* **TASK STATEMENT**
From the line containing "Dainty Iridescent Heart Halo Necklace" down to the final line of the entries below, return each line exactly and drop the pictures.

——

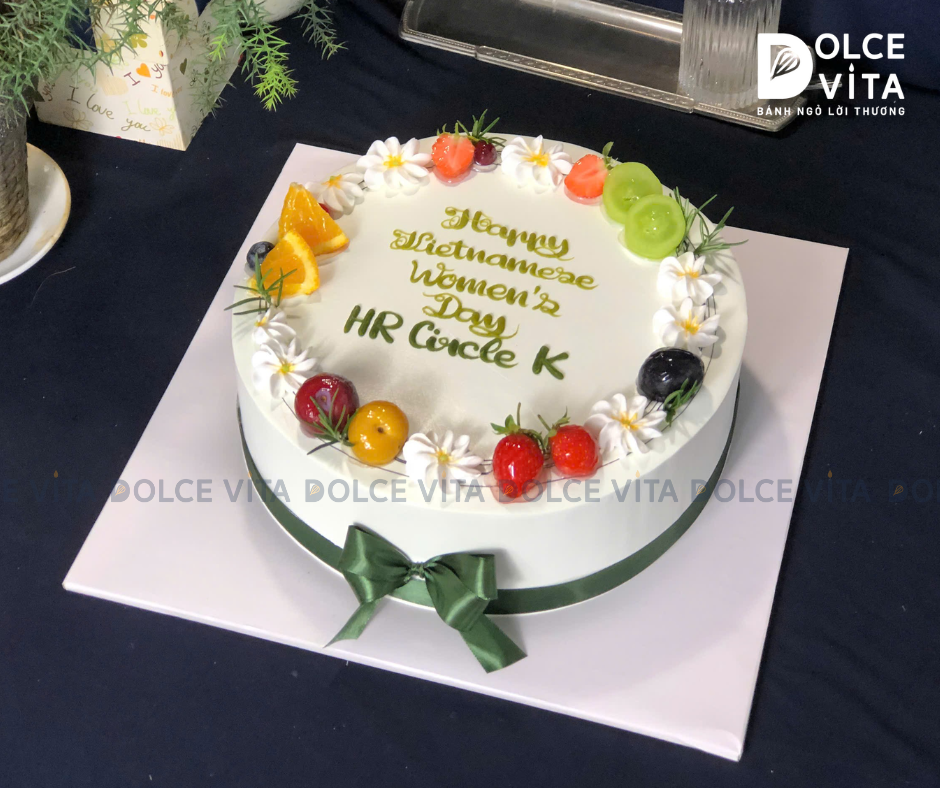 827 Bánh mixed fruit trang trí hoa và trái cây 20.10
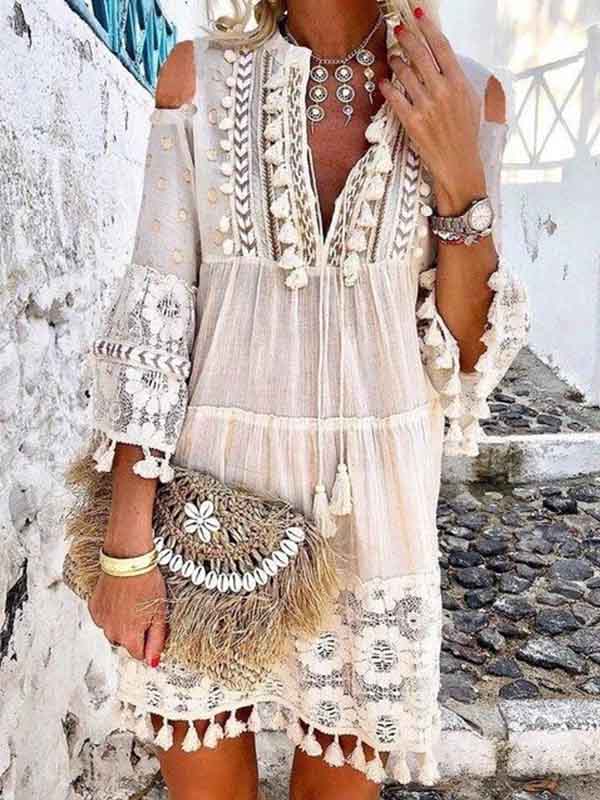 Fringed Lace Midi Dress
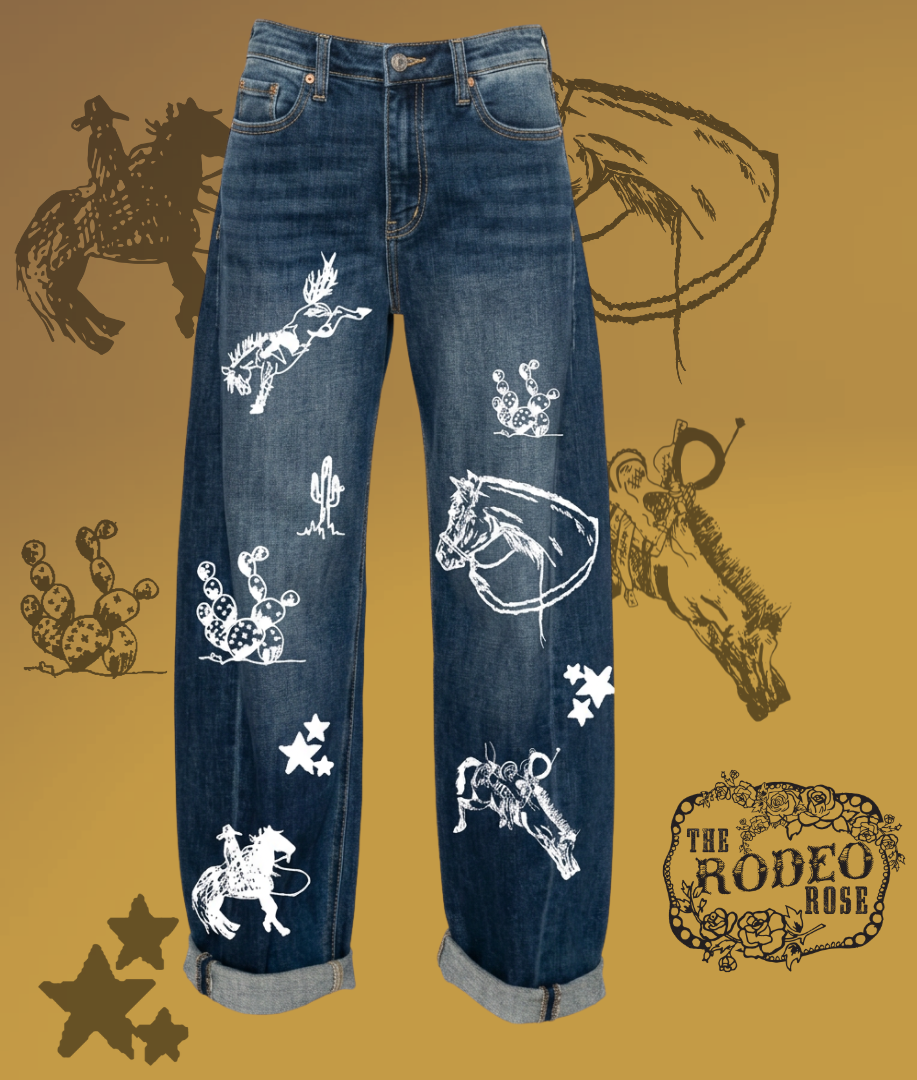Cowboy Graffiti Barrel Jeans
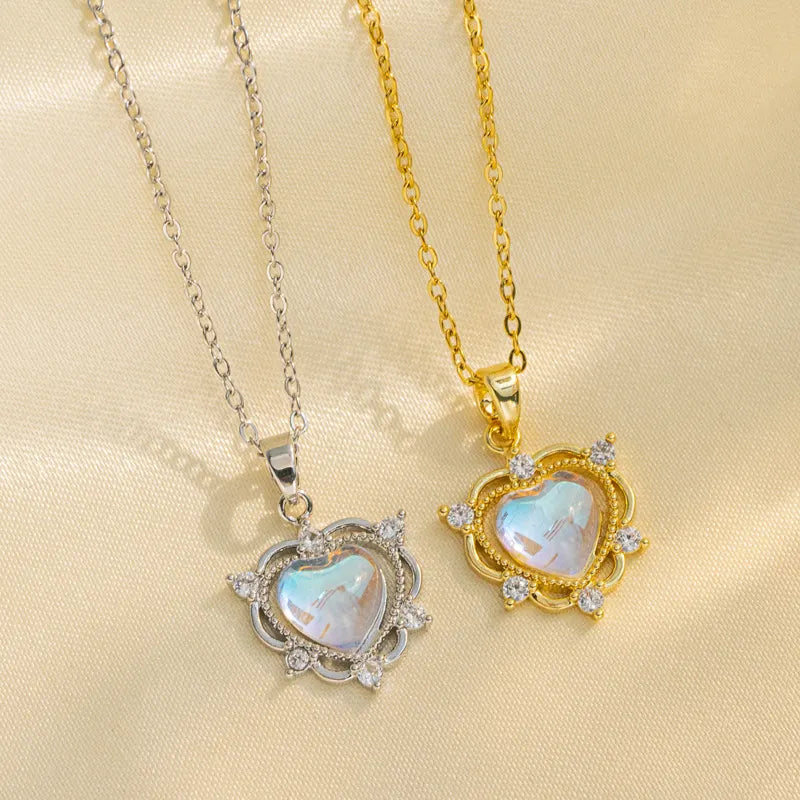 Dainty Iridescent Heart Halo Necklace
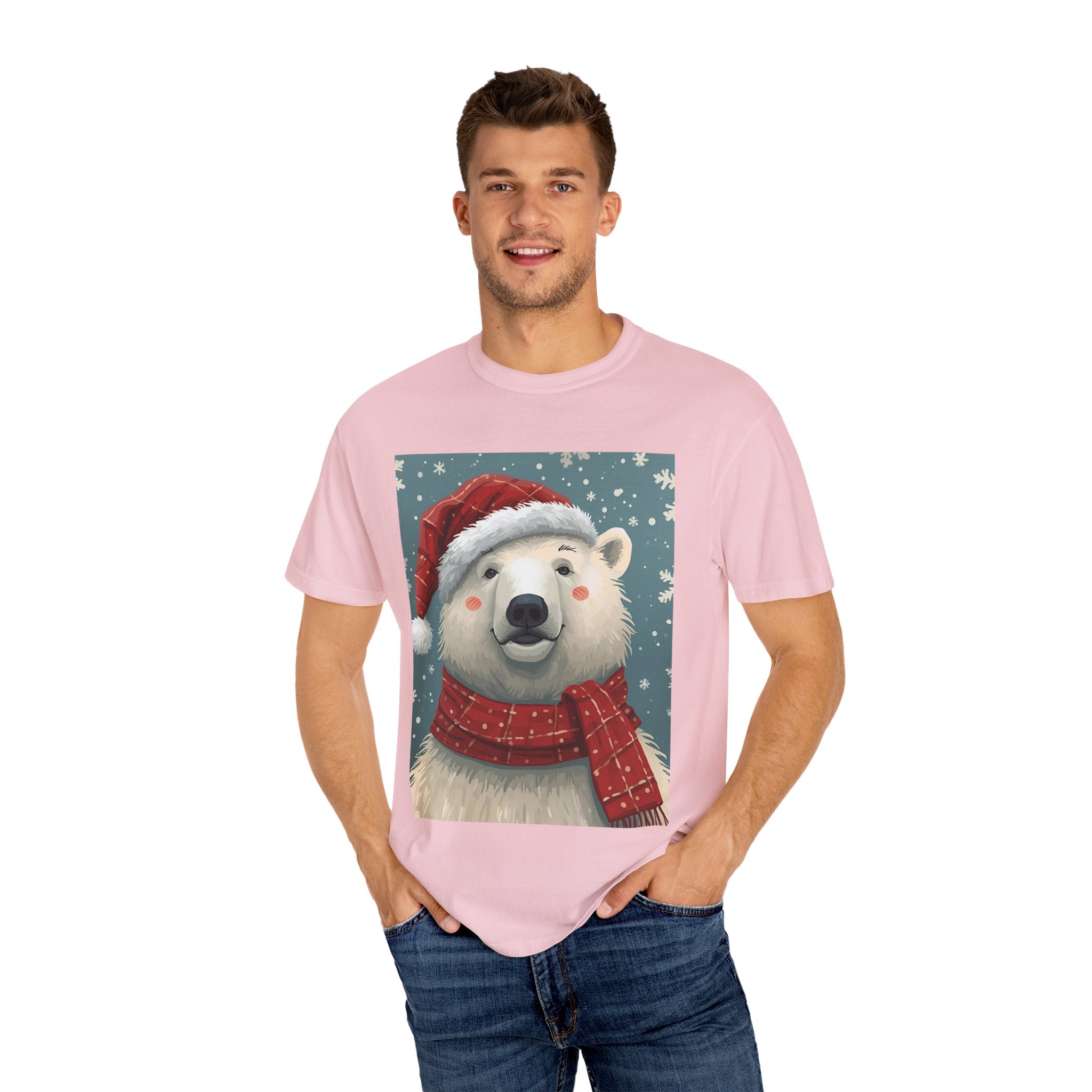 Festive Polar Bear T-Shirt, Christmas Tee, Winter Apparel, Holiday Shirt, Gift Idea, Unisex Graphic Tee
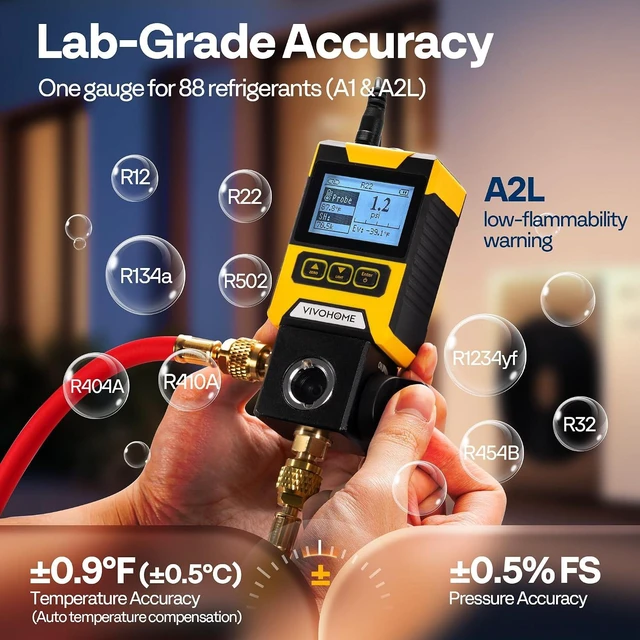Alt view image 3 of 7 - Digital HVAC Manifold Gauge, Refrigeration AC Gauge with Wired Temperature Clamp Probe for R134a R410a R32 R1234yf R454B Recharge, Pressure Temp Test Leak Detection with Backlit LCD Carry Bag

——

* **SOLUTION TO THIS EXERCISE**
 Dainty Iridescent Heart Halo Necklace
 Festive Polar Bear T-Shirt, Christmas Tee, Winter Apparel, Holiday Shirt, Gift Idea, Unisex Graphic Tee
Alt view image 3 of 7 - Digital HVAC Manifold Gauge, Refrigeration AC Gauge with Wired Temperature Clamp Probe for R134a R410a R32 R1234yf R454B Recharge, Pressure Temp Test Leak Detection with Backlit LCD Carry Bag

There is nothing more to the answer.